*WORK TO COMPLETE*
From top to bottom, print the listing word for word and skip any pictures it contains.

────────────────────

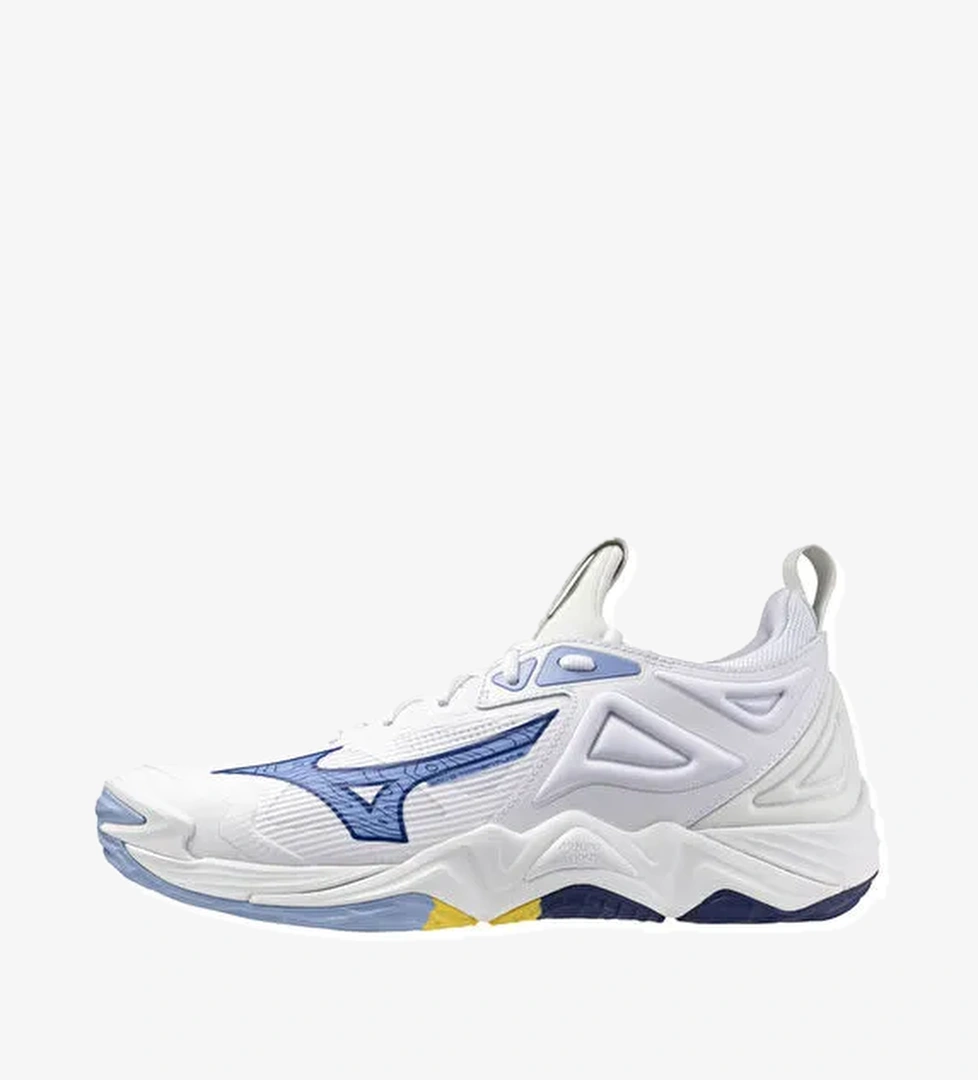 Mizuno V1GA231297 WAVE MOMENTUM 3(U) Beyaz Erkek Voleybol Ayakkabısı - Görsel 1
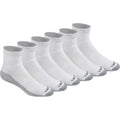 Dickies Men'S Dri-Tech Moisture Control Quarter Socks, Available In M-Xxl (6, 12, 18 Pairs)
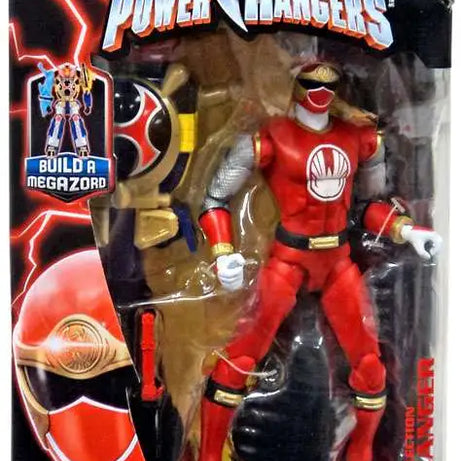 Bandai Saban’s Power Rangers Ninja Storm Legacy Collection Red Ranger Action Figure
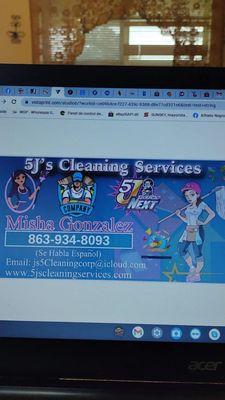 5 J's Cleaning Services
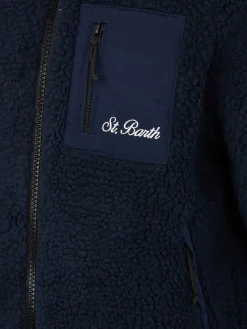 Sherpa-Jacke für Jungen mit Garfield-Aufdruck | GARFIELD-SONDERAUSGABE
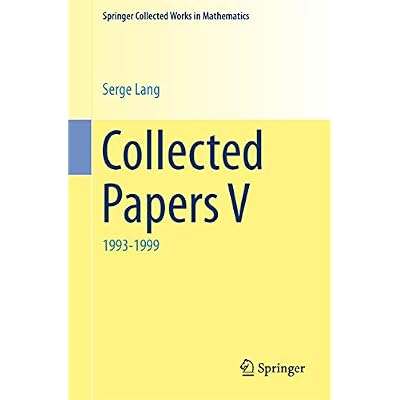 Collected Papers V: 1993-1999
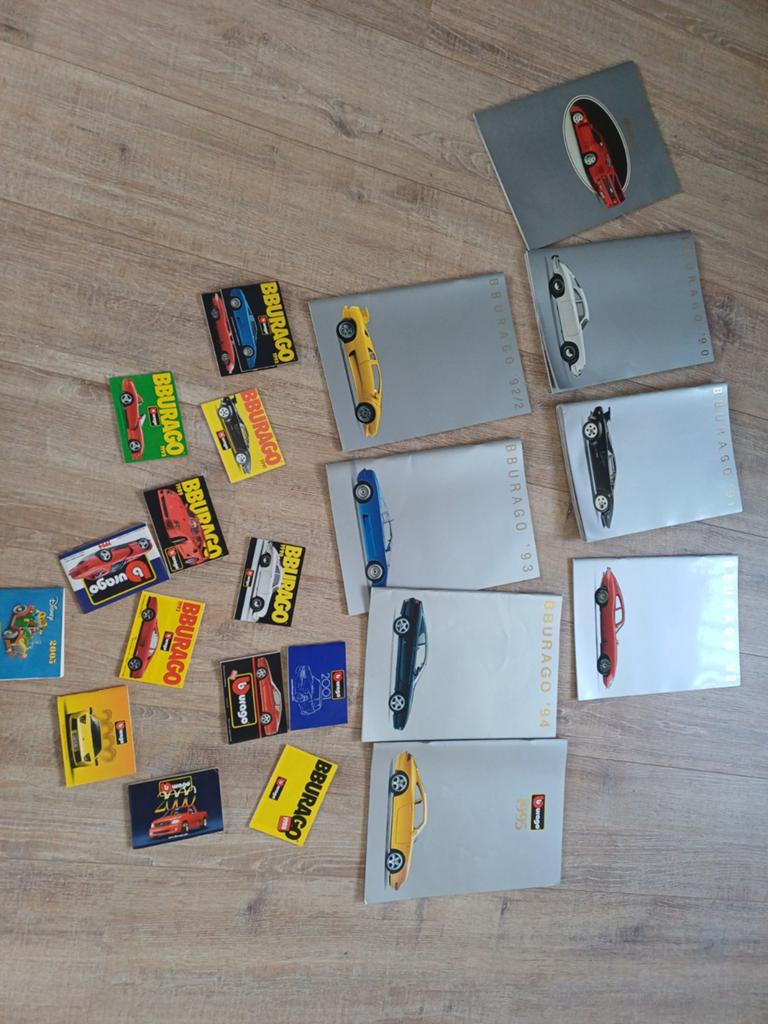 Bburago boeken A4 zilver, Ophalen of Verzenden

────────────────────

*RESPONSE TO THIS TASK*
 Mizuno V1GA231297 WAVE MOMENTUM 3(U) Beyaz Erkek Voleybol Ayakkabısı - Görsel 1
 Dickies Men'S Dri-Tech Moisture Control Quarter Socks, Available In M-Xxl (6, 12, 18 Pairs)
 Bandai Saban’s Power Rangers Ninja Storm Legacy Collection Red Ranger Action Figure
 5 J's Cleaning Services
 Sherpa-Jacke für Jungen mit Garfield-Aufdruck | GARFIELD-SONDERAUSGABE
 Collected Papers V: 1993-1999
 Bburago boeken A4 zilver, Ophalen of Verzenden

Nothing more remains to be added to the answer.